We will address the education project when we conclude the 77 Series in Oklahoma’s fourth congressional district. As far as Bryan County, my uncle, Clinton Rogers moved to Durant in 2006 and I have watched the city grow and develop year after year. I know that Durant is the industrial hub of southeastern Oklahoma. As our industry develops, we will see Durant continue to expand and grow as it will be much like a Chicago; our railways and their carts will converge in this city; some of our goods will go to Texas, some to Louisiana, and the logistics will be handled in Durant. There will be massive warehouse as we store milled timber, coal, cotton, hemp, gypsum, pecans and everything else our state produces. Once we take control of our natural resources, we will build up reserves of these. New markets will be established and Durant will help our producers get their goods to those markets.

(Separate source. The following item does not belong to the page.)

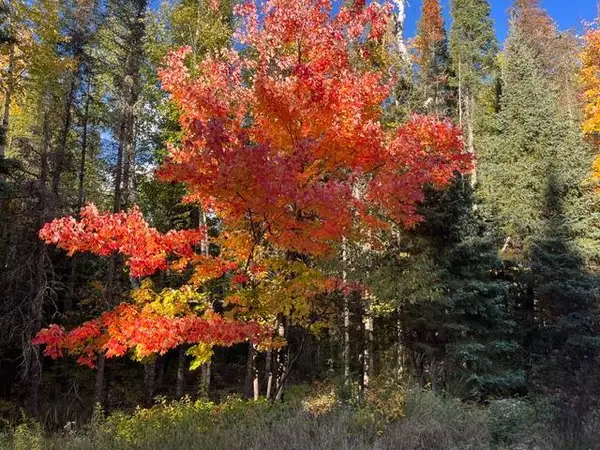 TBD Lost Lake Rd., Tower, MN 55790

The 38 Sovereign Nations, the banks, our railroads, waterways, coal mines, forests, and everything within Oklahoma needs to be properly represented as we build momentum and we take our state up the ranks in health and education. We need a legislator like me to represent us and break down the barriers to prevent us from thriving. Our team is bringing on more and more people every day and we are on the cusp of taking back our state and restoring it to the gem it was a hundred years ago. I will spend some time in Durant and I would like to meet with all the land owners and industrialist to strategize on what we need to do to make the Oklahoma vision come to life.